Quelques semaines plus tard, on l’attendait au parloir.

− Petit garçon, dit le roi déchu, tu as exaucé jusqu’ores tous mes vœux les plus fous. A présent, je me meurs de chagrin tant j’ai mal à la tête. Fais que tout redevienne comme avant, je t’en supplie à genoux ! Ma croix est bien trop lourde pour un seul homme !

Mais le petit garçon, rayonnant de bonheur, contemplait stupidement la détresse de celui qui avait été son souverain. On aurait dit qu’il regardait un poisson rouge dans un bocal. Le roi se sentit devenir transparent comme ces mendiants que les passants croisent sans prétendre les voir.

Et puis, à bien y regarder, le monarque désormais sans couronne réalisa que celui qui se tenait devant lui était devenu bien grand pour un petit garçon. Avec le temps, l’enfant s’était transformé en un jeune homme bel et grand qui lui répondit avec un tutoiement qui crissait comme une craie malmenée sur un tableau :

− Tu m’as demandé l’omniscience et je te l’ai donnée. Tu n’en as plus voulu, je te l’ai retirée. Tu m’as demandé la fortune et je te l’ai donnée. Tu n’en as plus voulu, je te l’ai retirée. Tu m’as demandé la connaissance et je te l’ai donnée. Tu n’en as plus voulu, je te l’ai retirée. Tu m’as demandé le bonheur de ton peuple, quitte à en payer le prix, et je le lui ai donné. Mais jamais, au grand jamais, tu ne t’es inquiété de mes rêves à moi, de mes rêves d’enfant. Pourtant ils n’étaient pas bien ambitieux, mes rêves ! Un seul geste de toi eût pu les exaucer. Je ne désirais pas devenir omniscient, je cherchais simplement des bribes de savoir. Je ne poursuivais pas la fortune, mais juste de quoi vivre sans trop me préoccuper du lendemain. Je n’aspirais pas à la révélation, il me suffisait de talonner mon Graal. Je ne prétendais pas au bonheur : je me serais contenté de quelques grandes joies et d’un maigre troupeau de plus petites. Mais, par ton prodigieux sacrifice,  tu nous as offert la félicité. Tout ton peuple rayonne. Ma famille ne ploie plus sous le fardeau.

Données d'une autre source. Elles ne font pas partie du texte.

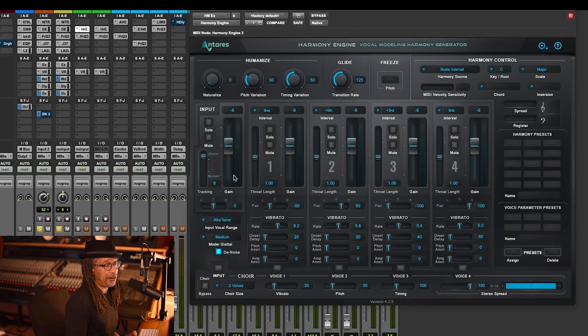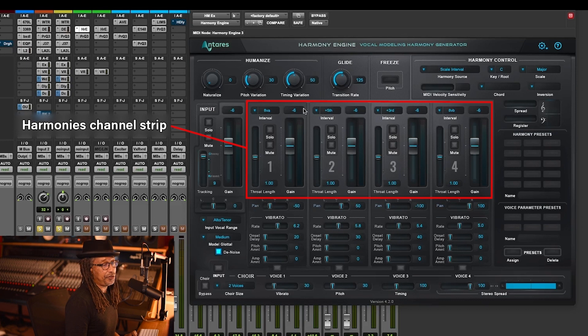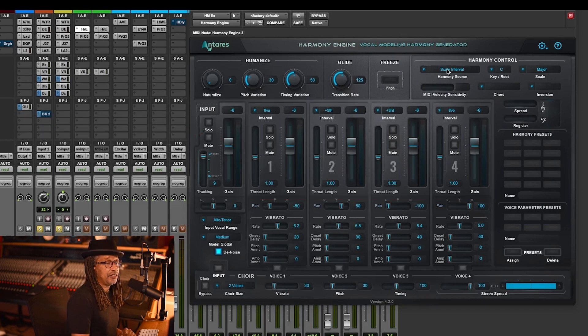As you can see, you have a couple of channel strips, different notes, octaves, the fifth.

Le dos de mon père, quand il revient des champs, n’est plus couvert d’écume comme ces chevaux éreintés par un galop trop long. Et moi je suis heureux, je vis dans un rêve. Et tu voudrais que nous en revenions à la vie pénible d’avant, au temps des malheurs et des miracles, pour assécher les pleurs d’un seul homme ?

Le monarque répliqua :

− Soit, je mourrai de chagrin. Et plus personne jamais ne saura ce qu’est le bonheur.

− Cela nous changera peu. Avant nous connaissions la joie, mais nous ne savions pas ce qu’était le bonheur. A présent, nous le savons. Demain, nous l’aurons oublié. Mais nous vivrons heureux et nous aurons beaucoup d’enfants (dit le jeune homme bel et grand en prenant congé).

 

Le roi déchu pleura beaucoup. Mais cette nuit-là, il dormit comme un charme. Avant de sombrer à nouveau dans la tristesse, il eut juste le temps de crier au miracle. Le petit garçon – ce qui subsistait du petit garçon dans le cœur du jeune homme bel et grand – avait réalisé le seul vœu qu’il pût encore exaucer : il lui avait rendu ses rêves.